What Goes into Calculating Commercial Construction Cost
With a growing economy, there has been an increase in commercial construction projects throughout the U. S. The cost of construction rose 5.7% in 2018; with Chicago, Portland and San Francisco incurring the most gains, according to the Rider Levett Bucknall Quarterly Construction Report for North America. The increase in cost was primarily due to higher labor costs, but materials and other soft costs went up as well. Additionally, construction spending is forecast to increase by 4.2% in 2019.

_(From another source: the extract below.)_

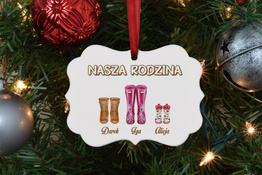 Spersonalizowana zawieszka na choinkę - Różowe kalosze 3 osoby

can be summarized into four main categories: labor, materials, permits and fees, and contingencies. And depending on the scope of your project, the commercial contractor may have additional categories like transportation & shipping, among others when estimating your construction project. Since there is no standard format, there will be variations in item descriptions depending on the estimating software the contractor uses. So instead of just comparing the cost of each line item be sure to compare the total price per square foot and delivery method when evaluating construction bids for your commercial project.
Consuming approximately 60% of the construction budget, it’s not surprising that the cost of materials has the most significant impact on construction costs. Foundation, structural, masonry, and carpentry are some of the materials that you may find on your construction estimate. The supply and demand of materials and geographic location will also influence costs. It is also an area where commercial contractors that adopt value engineering principles can recommend specific material substitutions that will reduce costs without affecting the quality of the build.
Project owners and developers can expect that labor costs will equate to approximately 30% of a construction budget. But many cities around the country are experiencing skilled labor shortages, and the increasing demand is driving higher labor costs. As a result, many commercial contractors are using advanced technology, and alternative construction methods, like prefabrication that rely less on labor, to reduce the overall construction cost.
Permits and fees
Compared to the cost of the entire project, permits and fees are a small, but necessary cost. The construction estimate will also include the cost of building permits, inspections, and other expenses that will be incurred throughout the different phases of construction
While the commercial construction estimate is exhaustive, it is not possible to predict with absolute certainty of a project’s cost. It is recommended that at least 5% of the total construction budget be reserved for contingencies – those unexpected costs that may arise during construction. For renovations and remodeling of older structures where many potential problems are not fund until work begins, your contractor may recommend reserving up to 10% or more for contingencies.